D'un engagement indéfectible résultant de son admiration pour l'œuvre, Robert Reimer, chef d'orchestre allemand qu'une carrière internationale conduit un peu partout dans le monde, en particulier à Berlin, point de départ improbable du conte de fées de cette création finalement aboutie, parvint in extremis à sauver la situation. On relève dans son impressionnant répertoire symphonique et lyrique, d'une grande diversité, Les contes d'Hoffmann, Manon, Werther, Pelléas et Mélisande, Dialogues des Carmélites : la prosodie française – il parle magnifiquement français –, Robert Reimer connaît. C'est bel et bien grâce à lui que l'ouvrage a pu être créé, par des protagonistes de premier plan auxquels il a su transmettre sa propre ferveur musicale au service d'une œuvre en laquelle il croit profondément : la Deutsche Staatsphilharmonie Rheinland-Pfalz de Ludwigshafen (Philharmonie d'État de Rhénanie-Palatinat), en clôture de sa Saison 2017-2018 (juste de l'autre côté du Rhin : Mannheim, en Bade-Wurtemberg) ; le Chamber Choir of Europe, sous la conduite d'Iñaki Encina Oyón, reprenant ce projet en remplacement de la formation luxembourgeoise plus vaste initialement prévue, au grand bénéfice de l'œuvre, l'écriture exigeante et incisive de Frédéric Ledroit requérant un chœur de chambre aussi professionnel que sophistiqué, avec interventions solistes (ainsi dans les scènes se faisant l'écho, très différemment, des turbae de Bach).
Le planning des répétitions (par éléments séparés et/ou réunis) donne la mesure, certes professionnelle, de la performance accomplie : cinq heures le mardi 3 juillet, Robert Reimer dirigeant entre-temps à Berlin (First Night Classic Open Air 2018, sur le Gendarmenmarkt : musiques de films en hommage aux Studios centenaires de Babelsberg, Potsdam), près de huit heures le vendredi, trois heures le samedi matin – avec filage complet enregistré – puis concert-création en soirée. Rien de plus, pour une œuvre par définition hors répertoire et néanmoins miraculeusement restituée dans sa poétique profondeur. On n'ose imaginer ce que pourraient donner, fruits mûris d'un formidable engagement collectif, les productions futures, d'ores et déjà portées par Robert Reimer, à l'horizon 2020 et avec l'espoir d'une tournée et d'un DVD.

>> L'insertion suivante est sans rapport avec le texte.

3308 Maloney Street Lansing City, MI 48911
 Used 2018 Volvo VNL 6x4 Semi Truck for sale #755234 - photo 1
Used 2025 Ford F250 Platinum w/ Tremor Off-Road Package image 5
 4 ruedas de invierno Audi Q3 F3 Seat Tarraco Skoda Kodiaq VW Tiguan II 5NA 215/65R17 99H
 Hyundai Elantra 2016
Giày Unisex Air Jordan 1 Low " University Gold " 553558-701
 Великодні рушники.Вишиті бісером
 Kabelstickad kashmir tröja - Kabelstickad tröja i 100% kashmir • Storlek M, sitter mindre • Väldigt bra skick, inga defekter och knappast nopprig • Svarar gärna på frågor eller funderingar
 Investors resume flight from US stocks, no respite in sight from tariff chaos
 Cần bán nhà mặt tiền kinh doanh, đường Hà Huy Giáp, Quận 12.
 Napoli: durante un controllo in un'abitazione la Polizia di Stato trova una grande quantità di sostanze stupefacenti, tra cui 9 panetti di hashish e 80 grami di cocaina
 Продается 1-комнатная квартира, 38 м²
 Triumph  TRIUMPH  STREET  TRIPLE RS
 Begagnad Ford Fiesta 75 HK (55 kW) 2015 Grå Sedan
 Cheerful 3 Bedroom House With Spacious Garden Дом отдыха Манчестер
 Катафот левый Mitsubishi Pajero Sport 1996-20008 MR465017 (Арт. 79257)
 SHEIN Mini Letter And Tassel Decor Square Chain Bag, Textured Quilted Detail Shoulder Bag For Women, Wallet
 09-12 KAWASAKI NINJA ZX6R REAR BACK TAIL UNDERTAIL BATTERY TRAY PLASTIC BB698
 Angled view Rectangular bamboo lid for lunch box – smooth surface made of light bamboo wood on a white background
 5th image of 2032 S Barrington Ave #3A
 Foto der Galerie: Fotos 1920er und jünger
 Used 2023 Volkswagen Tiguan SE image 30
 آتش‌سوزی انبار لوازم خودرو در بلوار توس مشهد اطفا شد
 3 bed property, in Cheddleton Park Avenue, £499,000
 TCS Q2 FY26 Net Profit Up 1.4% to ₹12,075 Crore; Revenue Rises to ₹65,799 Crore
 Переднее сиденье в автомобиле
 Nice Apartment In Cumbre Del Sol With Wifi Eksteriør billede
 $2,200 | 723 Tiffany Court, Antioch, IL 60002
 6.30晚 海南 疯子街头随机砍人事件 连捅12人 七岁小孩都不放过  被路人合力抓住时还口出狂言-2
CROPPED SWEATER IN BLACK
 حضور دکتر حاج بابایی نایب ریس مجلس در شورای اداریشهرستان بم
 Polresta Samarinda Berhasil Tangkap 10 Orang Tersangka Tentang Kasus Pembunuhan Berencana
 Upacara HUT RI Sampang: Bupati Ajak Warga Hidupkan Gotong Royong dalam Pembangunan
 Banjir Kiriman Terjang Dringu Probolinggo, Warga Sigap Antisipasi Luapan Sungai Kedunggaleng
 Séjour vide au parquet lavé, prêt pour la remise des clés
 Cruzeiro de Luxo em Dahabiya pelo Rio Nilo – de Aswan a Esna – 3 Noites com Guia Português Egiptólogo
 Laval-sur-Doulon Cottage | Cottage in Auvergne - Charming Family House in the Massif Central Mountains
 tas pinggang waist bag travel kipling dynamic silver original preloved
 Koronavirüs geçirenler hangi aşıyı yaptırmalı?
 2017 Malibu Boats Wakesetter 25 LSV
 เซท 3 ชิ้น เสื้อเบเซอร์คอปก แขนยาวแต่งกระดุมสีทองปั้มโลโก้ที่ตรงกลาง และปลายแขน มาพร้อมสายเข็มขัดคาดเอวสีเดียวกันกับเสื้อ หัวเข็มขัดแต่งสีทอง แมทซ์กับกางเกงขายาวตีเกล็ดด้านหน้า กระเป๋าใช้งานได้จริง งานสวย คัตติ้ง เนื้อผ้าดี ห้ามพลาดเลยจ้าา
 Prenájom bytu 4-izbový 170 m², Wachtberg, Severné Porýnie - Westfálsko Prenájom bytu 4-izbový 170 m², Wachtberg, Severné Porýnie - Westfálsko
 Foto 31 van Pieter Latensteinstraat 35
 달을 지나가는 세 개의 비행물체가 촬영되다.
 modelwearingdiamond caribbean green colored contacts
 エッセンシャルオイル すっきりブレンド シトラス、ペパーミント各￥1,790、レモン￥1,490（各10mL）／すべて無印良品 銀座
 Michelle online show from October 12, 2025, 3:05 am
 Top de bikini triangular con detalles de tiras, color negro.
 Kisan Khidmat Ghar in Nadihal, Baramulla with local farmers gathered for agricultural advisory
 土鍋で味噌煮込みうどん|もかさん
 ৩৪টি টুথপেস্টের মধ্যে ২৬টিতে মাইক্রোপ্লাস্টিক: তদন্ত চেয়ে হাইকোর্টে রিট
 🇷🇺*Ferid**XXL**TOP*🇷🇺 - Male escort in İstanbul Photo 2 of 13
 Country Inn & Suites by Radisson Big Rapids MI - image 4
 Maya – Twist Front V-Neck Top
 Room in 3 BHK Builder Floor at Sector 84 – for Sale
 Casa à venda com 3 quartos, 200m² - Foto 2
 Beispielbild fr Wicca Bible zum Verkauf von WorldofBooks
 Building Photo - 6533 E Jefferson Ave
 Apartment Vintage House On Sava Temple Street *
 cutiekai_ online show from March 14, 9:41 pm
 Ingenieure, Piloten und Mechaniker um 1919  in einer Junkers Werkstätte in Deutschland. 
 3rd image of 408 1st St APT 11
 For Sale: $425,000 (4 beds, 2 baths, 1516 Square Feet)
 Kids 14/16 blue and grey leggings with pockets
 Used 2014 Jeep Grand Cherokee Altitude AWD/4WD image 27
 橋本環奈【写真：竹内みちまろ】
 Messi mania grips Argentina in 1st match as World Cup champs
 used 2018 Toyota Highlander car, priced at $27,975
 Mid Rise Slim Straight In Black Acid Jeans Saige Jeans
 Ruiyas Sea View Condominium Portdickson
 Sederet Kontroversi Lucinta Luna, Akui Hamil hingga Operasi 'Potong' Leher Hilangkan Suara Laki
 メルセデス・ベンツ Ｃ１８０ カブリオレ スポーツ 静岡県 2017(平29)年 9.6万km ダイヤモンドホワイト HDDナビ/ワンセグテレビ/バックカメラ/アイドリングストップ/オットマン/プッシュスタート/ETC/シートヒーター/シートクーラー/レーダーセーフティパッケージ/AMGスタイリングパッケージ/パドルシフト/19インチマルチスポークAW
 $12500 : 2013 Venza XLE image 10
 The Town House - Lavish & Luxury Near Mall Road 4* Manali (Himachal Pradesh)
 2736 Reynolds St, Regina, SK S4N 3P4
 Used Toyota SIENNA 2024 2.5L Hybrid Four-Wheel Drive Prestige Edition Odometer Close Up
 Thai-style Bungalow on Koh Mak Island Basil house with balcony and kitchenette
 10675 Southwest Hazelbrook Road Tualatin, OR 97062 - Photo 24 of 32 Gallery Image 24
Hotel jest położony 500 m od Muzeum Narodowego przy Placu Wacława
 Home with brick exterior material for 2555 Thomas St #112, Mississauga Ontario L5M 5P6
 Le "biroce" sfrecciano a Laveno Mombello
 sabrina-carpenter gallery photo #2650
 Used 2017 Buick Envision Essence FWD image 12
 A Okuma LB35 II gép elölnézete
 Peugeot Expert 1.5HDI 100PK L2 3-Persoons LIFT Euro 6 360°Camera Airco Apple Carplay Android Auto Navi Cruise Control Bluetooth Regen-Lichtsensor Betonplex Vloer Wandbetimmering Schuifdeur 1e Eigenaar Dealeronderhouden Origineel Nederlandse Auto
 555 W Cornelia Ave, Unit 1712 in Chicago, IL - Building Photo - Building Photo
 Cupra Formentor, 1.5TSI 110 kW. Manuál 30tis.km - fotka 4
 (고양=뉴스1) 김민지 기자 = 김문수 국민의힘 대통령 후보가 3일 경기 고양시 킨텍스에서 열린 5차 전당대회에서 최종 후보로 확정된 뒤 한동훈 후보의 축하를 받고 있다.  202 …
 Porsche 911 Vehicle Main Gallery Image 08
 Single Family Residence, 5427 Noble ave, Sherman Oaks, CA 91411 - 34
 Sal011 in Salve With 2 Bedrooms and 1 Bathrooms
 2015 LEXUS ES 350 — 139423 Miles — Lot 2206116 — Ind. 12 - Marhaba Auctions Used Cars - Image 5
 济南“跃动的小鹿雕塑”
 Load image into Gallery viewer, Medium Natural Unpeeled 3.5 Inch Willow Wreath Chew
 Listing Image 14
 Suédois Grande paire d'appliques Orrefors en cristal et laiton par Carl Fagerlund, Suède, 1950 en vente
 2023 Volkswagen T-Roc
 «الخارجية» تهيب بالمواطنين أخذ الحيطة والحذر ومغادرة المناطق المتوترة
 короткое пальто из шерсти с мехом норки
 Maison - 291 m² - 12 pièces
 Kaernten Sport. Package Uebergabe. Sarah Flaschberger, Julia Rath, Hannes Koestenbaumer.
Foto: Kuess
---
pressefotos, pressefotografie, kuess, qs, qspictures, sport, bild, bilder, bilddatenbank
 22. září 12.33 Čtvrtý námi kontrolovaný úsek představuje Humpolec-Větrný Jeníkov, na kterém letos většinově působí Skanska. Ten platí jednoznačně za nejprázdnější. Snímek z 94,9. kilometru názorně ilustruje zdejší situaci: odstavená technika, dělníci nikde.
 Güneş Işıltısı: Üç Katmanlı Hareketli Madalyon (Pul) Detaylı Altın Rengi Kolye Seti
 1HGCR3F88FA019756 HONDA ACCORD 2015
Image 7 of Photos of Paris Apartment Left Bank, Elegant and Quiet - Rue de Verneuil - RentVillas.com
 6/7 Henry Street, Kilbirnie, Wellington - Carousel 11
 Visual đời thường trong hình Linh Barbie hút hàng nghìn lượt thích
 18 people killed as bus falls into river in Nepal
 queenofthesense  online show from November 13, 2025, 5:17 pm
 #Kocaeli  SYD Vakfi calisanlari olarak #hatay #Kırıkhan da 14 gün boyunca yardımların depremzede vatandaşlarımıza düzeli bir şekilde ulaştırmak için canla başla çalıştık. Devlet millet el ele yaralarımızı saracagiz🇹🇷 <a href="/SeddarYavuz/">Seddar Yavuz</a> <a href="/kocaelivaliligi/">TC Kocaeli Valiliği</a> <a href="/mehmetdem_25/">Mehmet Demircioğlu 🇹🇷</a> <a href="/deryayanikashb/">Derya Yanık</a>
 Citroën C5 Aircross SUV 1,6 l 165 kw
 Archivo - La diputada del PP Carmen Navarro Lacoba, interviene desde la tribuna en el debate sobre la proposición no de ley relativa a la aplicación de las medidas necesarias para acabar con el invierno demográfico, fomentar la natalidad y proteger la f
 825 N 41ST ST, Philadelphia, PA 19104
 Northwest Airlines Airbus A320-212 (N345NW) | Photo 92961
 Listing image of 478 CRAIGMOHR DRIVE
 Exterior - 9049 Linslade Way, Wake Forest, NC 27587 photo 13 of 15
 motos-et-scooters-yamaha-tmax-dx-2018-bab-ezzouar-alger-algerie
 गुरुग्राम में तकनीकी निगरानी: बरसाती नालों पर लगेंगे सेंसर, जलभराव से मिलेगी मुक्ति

Telles sections de la Passion du Christ selon saint Jean op. 57 de Frédéric Ledroit – plusieurs déjà entendues en concert, dont les six de la Seconde Partie dans leur version pour orgue seul (2) – ont connu des étapes intermédiaires, via également le quatuor à cordes, cependant que l'œuvre définitive se présente sous un triple visage : la version symphonique créée à Ludwigshafen ; celle pour orgue, solistes et chœur ; enfin, intitulée Poème symphonique, celle pour orgue et récitant. Autant d'œuvres en définitive authentiquement différentes, quand bien même la musique reste foncièrement la même, la vibration plurielle de l'orchestre et des voix contrastant avec la mouvante fixité de l'orgue.
Nourri de spiritualité et de philosophie, Frédéric Ledroit n'est pas un homme de « concepts ». Son maître-mot, assumé, est la transmission de et par l'émotion. La Passion ne peut être que celle de l'Homme, et c'est bien un sentiment d'humanité ardente et sensible qui innerve l'œuvre tout entière. Dès le Prélude s'instaure un climat tragique aussi splendidement que sobrement porté par une orchestration d'une richesse et d'une mesure à maints égards envoûtantes, magnifiée par les choix du chef dans la mise en œuvre des tempos tout au long de l'ouvrage – la plupart des sections se referment sur un geste d'une étonnante concision, en forme de suspension, la respiration dramatique de l'ensemble s'en trouvant habilement et puissamment propulsée, jusqu'à créer chez l'auditeur un désir impérieux d'aller chaque fois plus avant dans le drame, tel un irrésistible appel de la section suivante. Dans l'un des moments les plus singuliers et saisissants, Ténèbres, reflet de texture purement instrumentale de l'agonie du Christ – clarinette solo nimbée des vents les plus graves, clarinette basse et contrebasson, puis des autres vents –, la musique, sans le recours à la parole, touche au paroxysme et à la plénitude de l'émotion.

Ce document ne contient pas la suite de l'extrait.